Deux ans après leur premier album, Arab Strap accouche de leur chef d’œuvre Philophobia. C’est leur seul album où il n’y a rien à jeter, cohérent, parfait de bout en bout excepté, peut être, le dernier titre  « the First Time You’re Unfaithfull » (d’autant plus que « I Would’ve liked me a lot last night » eut fait un final merveilleux).  « Packs of Three », « Soaps », « Here we go », « Piglet », on ne compte plus les classiques sur Philophobia, avec en prime mes deux titres favoris, « Not Quite a Yes » et « Afterwards ».  Une partie de ces morceaux se trouvent sur le faux Cd gravé, avec un savoureux Live qui, comme le méconnu Mad for Sadness dont je reparlerai dans mes Loved Lives, révèle le coté rock d’Arab Strap. Débutant par un « Girls of Summer » de 8mn plein de rebondissements, le set présente des titres retravaillés aux guitares agressives (« New Birds », « Afterwards ») et une belle sélection issue de Philophobia (tout les morceaux durent plus de 5mn). Il ne fait aucun doute que le groupe n’a plus rien à voir avec les amateurs qui donnaient leur premier concert deux ans auparavant… Autres témoignage de la vitalité du groupe sur scène, deux Peel Sessions de quatre titres figurent sur le vinyle Scenes of a Sexual Nature. La première, enregistrée lors de leurs débuts, voit le groupe interpréter d’excellentes raretés, « the Smell of Outdoor Cooking » et « I saw You », et réécrire les paroles de « the First Big Week End » pour l’occasion. La deuxième est dans la continuité des concerts donnés lors de la sortie de Philophobia. Les deux sont une nouvelle démonstration de déluge rock rageur, en opposition avec les versions studio désenchantées. Des versions studio qu’on pourra découvrir sur le double vinyle Scenes of a Sexual Nature, complété avec un CD de 9 raretés,  proposant de nombreux inédits et b-sides de l’époque (mais pas tous, car Arab Strap a toujours été très prolifique en raretés et titres destinés uniquement à la scène). Parmi eux, on notera plus particulièrement l’instrumental « a Cunt’s Trick », le remix reggae gospel de « Hey ! Fever », le très beau « I Still Miss You » et l’incroyable b-side à tiroirs de 13 mn intitulée « Trippy ».

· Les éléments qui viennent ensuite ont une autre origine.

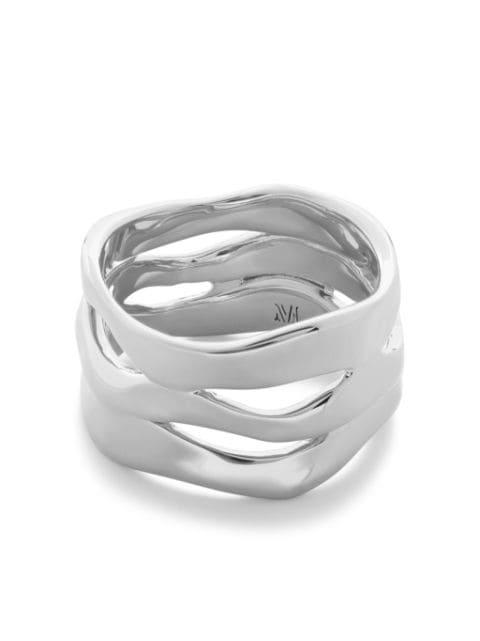 The Wave cut-out ring by MONICA VINADER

Aidan Mofat a même persuadé Malcolm Middleton de passer une journée en studio pour terminer « Daughters of Darkness », un titre laissé en plan qui s’achève brutalement, comme un symbole du split du groupe en 2006. Une journée de studio agréable, mais malheureusement à priori sans lendemain…

En voilà un long article… Il semblerait que, étrangement, je sois un fan d’Arab Strap.